United States v. Chad Kirch McKittrick
142 F.3d 1170 (1998)
Rule of Law:
The Endangered Species Act (ESA) grants the Secretary of the Interior broad authority to establish experimental populations using animals from healthy, unlisted foreign populations to conserve a species listed as endangered within the United States. A criminal violation of the ESA is a general intent crime, requiring only that the defendant knowingly engaged in the prohibited conduct, not that the defendant knew the specific protected status of the animal.
Facts:
- The gray wolf is listed as an endangered species under the Endangered Species Act (ESA) in most of the coterminous United States.
- The U.S. Fish and Wildlife Service (FWS) captured gray wolves from a plentiful, unlisted population in Canada.
- FWS released these Canadian wolves into Yellowstone National Park to establish an 'experimental population' to replenish the species where it had been eradicated.
- One of the reintroduced wolves migrated from Yellowstone to the Red Lodge, Montana area.
- Chad McKittrick shot and killed this wolf.
- After killing the wolf, McKittrick skinned it, decapitated it, and took the hide and head to his home.
Procedural Posture:
- The government charged Chad McKittrick with taking, possessing, and transporting a gray wolf in violation of the Endangered Species Act and the Lacey Act.
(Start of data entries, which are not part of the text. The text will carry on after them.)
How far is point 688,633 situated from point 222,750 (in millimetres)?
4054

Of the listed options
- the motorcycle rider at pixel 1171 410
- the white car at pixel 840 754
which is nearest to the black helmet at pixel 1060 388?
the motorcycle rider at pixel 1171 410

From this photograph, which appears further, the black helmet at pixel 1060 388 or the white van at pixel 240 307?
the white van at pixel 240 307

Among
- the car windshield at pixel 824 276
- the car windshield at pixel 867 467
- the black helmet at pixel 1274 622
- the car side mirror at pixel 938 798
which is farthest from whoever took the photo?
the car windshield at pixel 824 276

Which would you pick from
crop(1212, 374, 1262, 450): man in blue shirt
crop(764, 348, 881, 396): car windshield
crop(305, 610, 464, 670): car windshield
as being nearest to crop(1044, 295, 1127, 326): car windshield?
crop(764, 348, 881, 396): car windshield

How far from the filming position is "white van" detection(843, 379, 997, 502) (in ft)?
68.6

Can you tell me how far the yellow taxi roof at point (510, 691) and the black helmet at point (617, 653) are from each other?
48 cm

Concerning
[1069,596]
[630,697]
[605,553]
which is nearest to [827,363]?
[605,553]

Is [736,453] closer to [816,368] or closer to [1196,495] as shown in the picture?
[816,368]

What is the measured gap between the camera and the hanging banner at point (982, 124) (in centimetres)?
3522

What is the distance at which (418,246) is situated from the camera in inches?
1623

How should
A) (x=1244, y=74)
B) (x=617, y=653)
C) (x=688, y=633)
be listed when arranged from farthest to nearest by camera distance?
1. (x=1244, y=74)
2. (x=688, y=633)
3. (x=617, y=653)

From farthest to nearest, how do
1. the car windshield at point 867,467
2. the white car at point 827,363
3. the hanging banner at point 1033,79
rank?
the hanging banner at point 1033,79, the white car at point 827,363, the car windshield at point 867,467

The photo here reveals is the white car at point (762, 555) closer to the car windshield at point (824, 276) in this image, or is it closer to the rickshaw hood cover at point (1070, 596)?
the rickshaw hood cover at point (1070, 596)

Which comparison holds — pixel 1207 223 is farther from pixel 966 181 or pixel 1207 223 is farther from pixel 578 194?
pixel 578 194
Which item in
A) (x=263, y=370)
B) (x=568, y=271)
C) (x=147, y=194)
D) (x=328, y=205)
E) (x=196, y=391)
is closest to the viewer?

- A jury in a trial before a U.S. Magistrate Judge found McKittrick guilty on all counts.
- The Magistrate Judge sentenced McKittrick to six months' imprisonment.
- McKittrick appealed the conviction and sentence to the U.S. District Court, where a District Judge affirmed both.
- McKittrick (appellant) then appealed the District Court's decision to the U.S. Court of Appeals for the Ninth Circuit.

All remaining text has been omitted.